UK GLBT Meet 2011 – Beating Writers Block

ukmeetWell, I had a brilliant Saturday. I got up at 5am (ok, that wasn’t so brilliant) and got the train down to Milton Keynes. Lucy Felthouse and her Baker extraordinaire other half picked me up and we arrived at the Holiday Inn Express with plenty of time to spare…about 2 hours, actually!

It was brilliant to see so many people there, I think I could approximate that there were 40 or more authors/readers/publishers in that room and it led to a lot of interesting (and occasionally naughty!) conversation. We started with introductions and a few general questions then we all fell upon the mountains of food the ever generous folks had brought with them.

After lunch we had the panels, Total-E-Bound told us all about the advantages of eBook publishing and of being published with them (Well, I knew all those already!) We had Historicals explained by 3 knowledgeable individuals and found out some great tips for social marketing too. The last 2 panels were dropped but everything else went pretty much to plan!

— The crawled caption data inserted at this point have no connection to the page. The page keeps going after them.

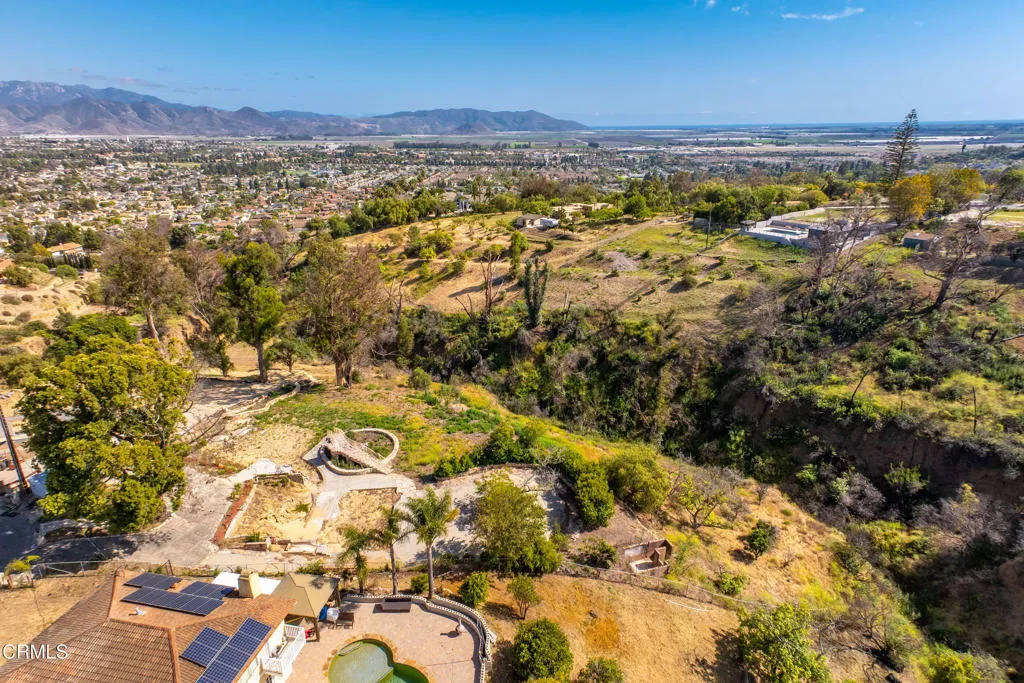 183 Cerro Crest Dr Camarillo-22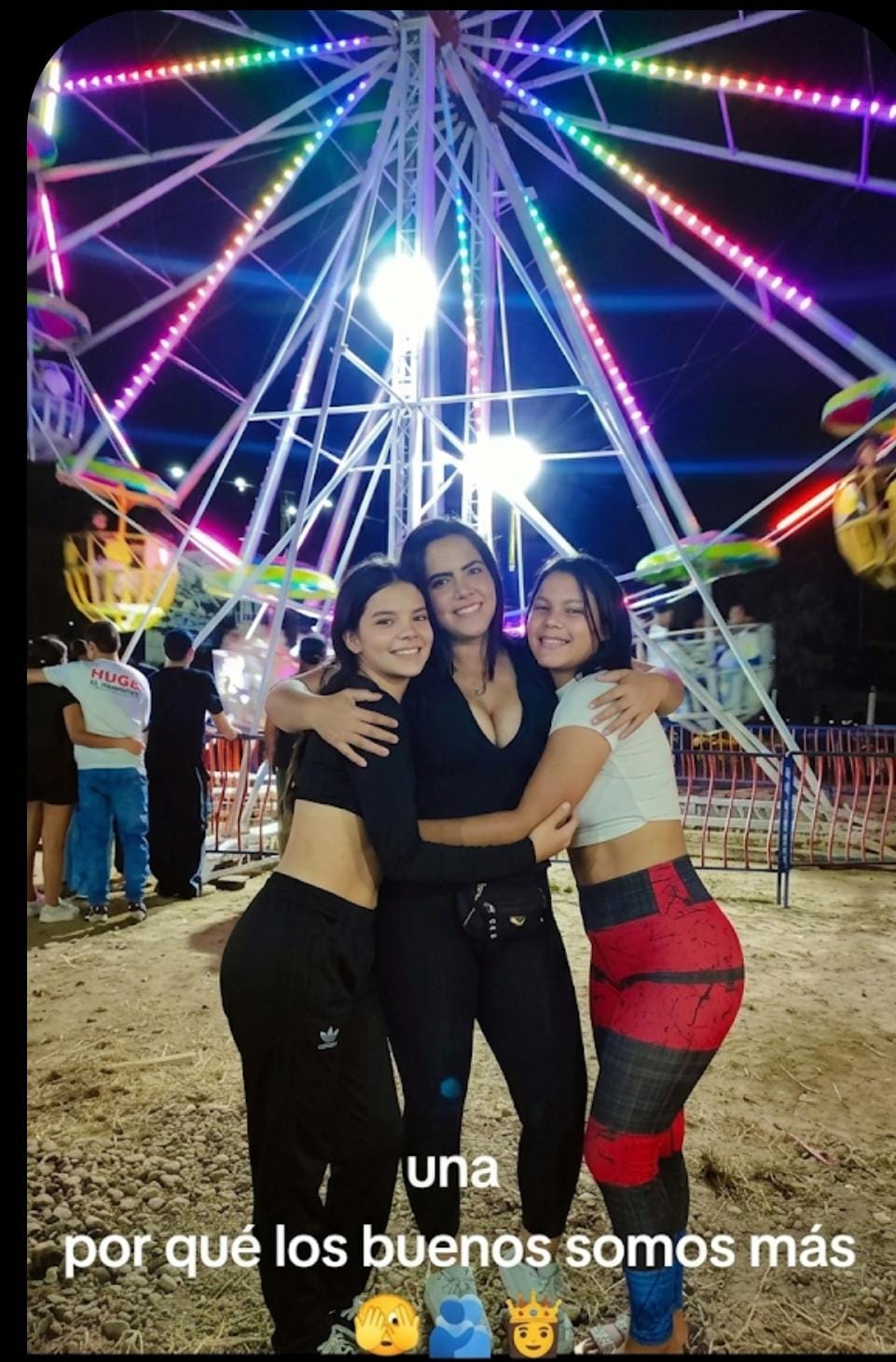 @Mariana tu fresa 🍓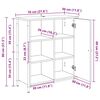 Miniatyrbilde av produktet 15 av 16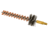 Otis Technology 5.56mm Chamber Brush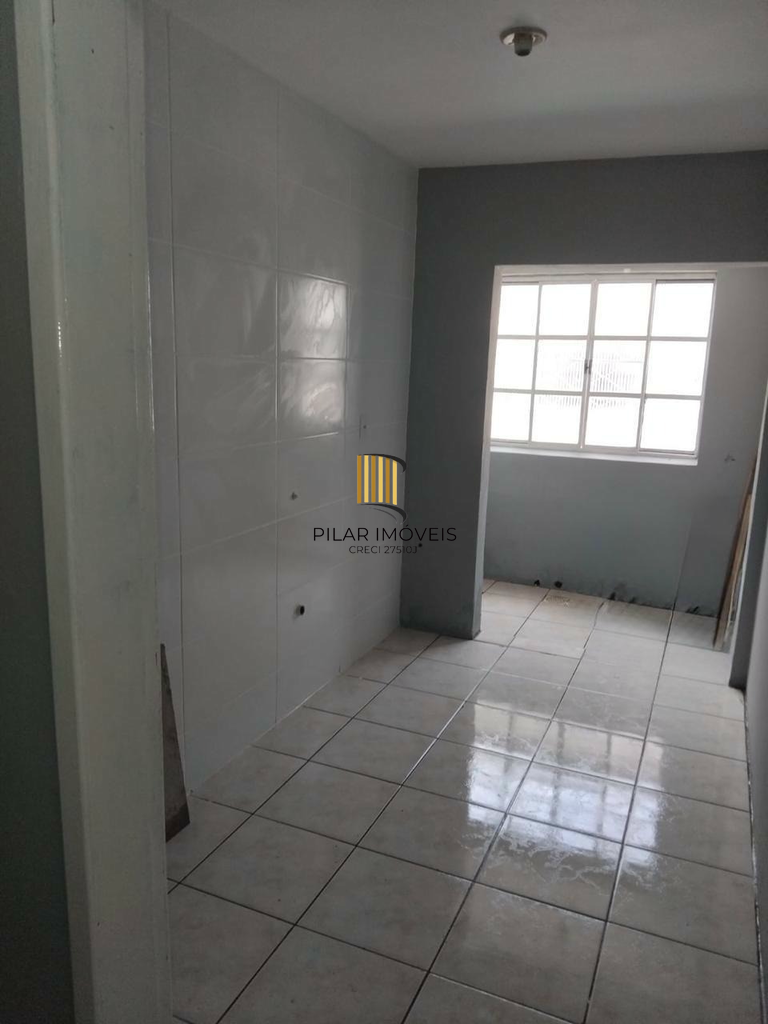 Apartamento 3 dormitórios no bairro Rubem Berta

It was all over far to soon and I was whizzing back up to the north West on one of those tippy trains virgin now have, it’s like being on a rollercoaster sometimes I can tell you! What will always stick with me about the day is the genuine loveliness of all the ladies and gents in that room. I think I could have happily spent the day just going round and chatting to folks!

Anyway, I did a little presentation on Beating Writers Block so I’m going to let you in on all the secrets I shared! I’m afraid you won’t get the full impact of the wonderful visual aids I had at the meet but I’ll try my best to make up for that with wit and photos stolen from the interwebs.

Take a Break

Go for a walk / Get fresh air / Think it out. Just get away from the computer for a bit and let the characters talk to you!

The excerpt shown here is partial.